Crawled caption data
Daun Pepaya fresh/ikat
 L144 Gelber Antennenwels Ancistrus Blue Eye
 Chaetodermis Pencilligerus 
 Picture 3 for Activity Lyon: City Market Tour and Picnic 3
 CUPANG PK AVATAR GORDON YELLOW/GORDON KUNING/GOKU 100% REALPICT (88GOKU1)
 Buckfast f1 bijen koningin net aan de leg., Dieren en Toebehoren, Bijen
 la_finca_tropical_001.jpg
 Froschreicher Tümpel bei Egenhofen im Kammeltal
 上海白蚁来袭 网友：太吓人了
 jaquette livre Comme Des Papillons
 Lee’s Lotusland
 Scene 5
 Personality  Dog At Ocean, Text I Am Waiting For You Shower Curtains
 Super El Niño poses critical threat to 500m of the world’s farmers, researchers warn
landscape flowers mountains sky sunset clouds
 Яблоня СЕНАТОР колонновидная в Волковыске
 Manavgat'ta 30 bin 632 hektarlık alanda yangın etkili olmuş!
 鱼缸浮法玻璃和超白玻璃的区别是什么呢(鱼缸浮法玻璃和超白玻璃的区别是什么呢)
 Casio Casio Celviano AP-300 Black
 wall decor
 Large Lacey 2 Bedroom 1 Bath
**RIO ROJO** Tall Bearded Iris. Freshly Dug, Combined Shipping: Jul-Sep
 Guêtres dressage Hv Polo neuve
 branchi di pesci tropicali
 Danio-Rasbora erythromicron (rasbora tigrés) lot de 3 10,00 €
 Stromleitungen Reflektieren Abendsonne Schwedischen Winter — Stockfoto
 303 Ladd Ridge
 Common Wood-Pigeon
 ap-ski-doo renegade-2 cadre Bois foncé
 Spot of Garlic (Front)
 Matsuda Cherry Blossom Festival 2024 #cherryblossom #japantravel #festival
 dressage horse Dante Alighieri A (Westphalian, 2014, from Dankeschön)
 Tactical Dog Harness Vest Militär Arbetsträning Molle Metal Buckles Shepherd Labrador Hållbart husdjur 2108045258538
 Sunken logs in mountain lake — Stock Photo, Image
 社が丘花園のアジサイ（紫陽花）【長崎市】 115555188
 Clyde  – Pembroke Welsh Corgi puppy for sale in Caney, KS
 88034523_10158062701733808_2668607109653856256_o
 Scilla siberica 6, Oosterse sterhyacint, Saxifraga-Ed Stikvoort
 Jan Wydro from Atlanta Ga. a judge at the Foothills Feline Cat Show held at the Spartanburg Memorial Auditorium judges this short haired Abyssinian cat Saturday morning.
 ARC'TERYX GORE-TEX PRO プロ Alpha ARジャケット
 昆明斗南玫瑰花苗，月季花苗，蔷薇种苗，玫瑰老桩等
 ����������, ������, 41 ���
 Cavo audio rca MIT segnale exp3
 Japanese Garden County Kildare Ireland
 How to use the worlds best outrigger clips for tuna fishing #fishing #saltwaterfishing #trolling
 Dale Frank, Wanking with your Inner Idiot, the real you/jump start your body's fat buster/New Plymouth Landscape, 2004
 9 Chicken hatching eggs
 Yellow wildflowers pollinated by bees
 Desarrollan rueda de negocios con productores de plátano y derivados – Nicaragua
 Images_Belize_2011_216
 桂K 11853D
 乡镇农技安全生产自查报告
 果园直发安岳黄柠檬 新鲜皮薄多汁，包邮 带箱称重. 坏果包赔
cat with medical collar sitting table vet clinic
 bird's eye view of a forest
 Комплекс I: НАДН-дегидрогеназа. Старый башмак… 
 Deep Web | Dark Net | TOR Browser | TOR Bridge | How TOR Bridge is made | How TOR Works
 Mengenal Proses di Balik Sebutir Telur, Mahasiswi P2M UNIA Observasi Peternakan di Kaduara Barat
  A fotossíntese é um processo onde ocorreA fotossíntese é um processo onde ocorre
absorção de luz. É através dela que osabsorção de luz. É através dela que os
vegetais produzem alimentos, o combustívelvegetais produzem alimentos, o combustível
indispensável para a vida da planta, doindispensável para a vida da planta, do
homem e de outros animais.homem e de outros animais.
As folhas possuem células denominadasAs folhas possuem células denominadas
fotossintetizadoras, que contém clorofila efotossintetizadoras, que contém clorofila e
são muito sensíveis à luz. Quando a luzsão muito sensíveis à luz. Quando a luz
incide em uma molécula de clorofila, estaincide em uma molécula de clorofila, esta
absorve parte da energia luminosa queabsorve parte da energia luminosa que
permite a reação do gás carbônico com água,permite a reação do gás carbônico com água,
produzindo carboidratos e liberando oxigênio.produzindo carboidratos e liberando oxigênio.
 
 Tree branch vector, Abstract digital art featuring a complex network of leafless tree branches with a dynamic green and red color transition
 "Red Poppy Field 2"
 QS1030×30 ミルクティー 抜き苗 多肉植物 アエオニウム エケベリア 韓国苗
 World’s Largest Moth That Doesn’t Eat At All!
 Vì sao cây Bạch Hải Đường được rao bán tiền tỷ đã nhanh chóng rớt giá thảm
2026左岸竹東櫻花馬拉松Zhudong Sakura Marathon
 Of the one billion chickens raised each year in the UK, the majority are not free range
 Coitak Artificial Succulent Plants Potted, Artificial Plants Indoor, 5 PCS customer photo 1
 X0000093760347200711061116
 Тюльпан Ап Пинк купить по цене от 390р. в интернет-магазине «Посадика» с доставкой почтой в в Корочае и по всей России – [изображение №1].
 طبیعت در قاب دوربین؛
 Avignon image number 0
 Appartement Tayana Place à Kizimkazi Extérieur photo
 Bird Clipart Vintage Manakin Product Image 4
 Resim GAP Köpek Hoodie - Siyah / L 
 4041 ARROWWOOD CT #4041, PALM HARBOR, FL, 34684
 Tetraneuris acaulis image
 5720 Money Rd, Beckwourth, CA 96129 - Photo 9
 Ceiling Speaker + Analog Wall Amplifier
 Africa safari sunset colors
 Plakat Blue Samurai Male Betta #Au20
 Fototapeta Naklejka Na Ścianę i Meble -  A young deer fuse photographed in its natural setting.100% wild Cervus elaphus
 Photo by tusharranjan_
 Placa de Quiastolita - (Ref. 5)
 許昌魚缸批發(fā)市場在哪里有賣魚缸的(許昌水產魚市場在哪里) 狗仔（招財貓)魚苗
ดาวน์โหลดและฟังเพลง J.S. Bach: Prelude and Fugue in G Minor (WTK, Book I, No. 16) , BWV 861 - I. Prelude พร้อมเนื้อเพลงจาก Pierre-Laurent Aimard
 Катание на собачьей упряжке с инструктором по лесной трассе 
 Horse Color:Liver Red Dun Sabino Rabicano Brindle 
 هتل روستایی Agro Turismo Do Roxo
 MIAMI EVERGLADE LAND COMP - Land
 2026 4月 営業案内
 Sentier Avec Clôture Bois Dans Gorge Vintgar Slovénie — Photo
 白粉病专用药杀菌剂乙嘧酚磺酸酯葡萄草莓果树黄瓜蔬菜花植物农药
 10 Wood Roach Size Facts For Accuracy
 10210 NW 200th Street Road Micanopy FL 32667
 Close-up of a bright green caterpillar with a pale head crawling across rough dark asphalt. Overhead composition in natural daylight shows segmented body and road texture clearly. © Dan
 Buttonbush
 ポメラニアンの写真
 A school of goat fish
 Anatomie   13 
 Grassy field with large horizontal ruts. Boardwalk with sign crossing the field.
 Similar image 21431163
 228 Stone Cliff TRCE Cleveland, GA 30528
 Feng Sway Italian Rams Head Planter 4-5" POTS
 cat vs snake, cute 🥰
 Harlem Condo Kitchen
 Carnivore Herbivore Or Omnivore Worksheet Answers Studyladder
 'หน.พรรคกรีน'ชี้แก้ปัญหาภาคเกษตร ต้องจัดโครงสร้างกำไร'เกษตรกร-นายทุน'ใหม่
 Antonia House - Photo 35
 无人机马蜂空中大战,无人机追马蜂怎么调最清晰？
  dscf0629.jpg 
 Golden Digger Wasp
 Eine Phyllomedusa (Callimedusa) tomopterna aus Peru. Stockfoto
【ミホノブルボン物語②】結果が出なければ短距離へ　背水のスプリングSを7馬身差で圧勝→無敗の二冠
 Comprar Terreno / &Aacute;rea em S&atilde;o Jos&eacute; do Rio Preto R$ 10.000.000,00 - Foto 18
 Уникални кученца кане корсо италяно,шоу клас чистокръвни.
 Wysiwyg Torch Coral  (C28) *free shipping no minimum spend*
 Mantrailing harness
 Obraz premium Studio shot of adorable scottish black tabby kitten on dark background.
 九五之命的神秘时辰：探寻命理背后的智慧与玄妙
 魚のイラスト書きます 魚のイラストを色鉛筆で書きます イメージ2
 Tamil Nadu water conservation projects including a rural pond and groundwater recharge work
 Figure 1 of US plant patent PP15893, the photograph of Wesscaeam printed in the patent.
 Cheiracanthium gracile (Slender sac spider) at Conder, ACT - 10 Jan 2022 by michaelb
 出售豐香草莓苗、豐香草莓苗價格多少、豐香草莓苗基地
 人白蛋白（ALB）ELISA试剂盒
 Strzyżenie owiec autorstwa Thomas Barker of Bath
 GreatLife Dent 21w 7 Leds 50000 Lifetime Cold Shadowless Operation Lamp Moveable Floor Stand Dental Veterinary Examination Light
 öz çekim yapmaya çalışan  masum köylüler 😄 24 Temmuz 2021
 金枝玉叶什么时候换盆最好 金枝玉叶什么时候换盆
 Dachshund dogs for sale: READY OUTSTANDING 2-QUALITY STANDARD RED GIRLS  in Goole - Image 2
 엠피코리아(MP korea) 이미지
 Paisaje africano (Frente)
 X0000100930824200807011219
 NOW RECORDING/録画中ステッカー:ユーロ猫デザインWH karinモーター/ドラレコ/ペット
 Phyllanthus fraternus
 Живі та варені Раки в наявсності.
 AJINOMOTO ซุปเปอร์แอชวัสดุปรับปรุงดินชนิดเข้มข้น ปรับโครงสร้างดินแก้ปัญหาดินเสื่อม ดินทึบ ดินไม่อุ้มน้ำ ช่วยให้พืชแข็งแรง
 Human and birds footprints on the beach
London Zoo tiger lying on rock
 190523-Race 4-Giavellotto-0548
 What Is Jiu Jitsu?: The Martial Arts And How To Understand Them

• **Problem statement**
Could you tally the lines in these records that contain the word "Bath" and give only the result?

• **Answer section**
2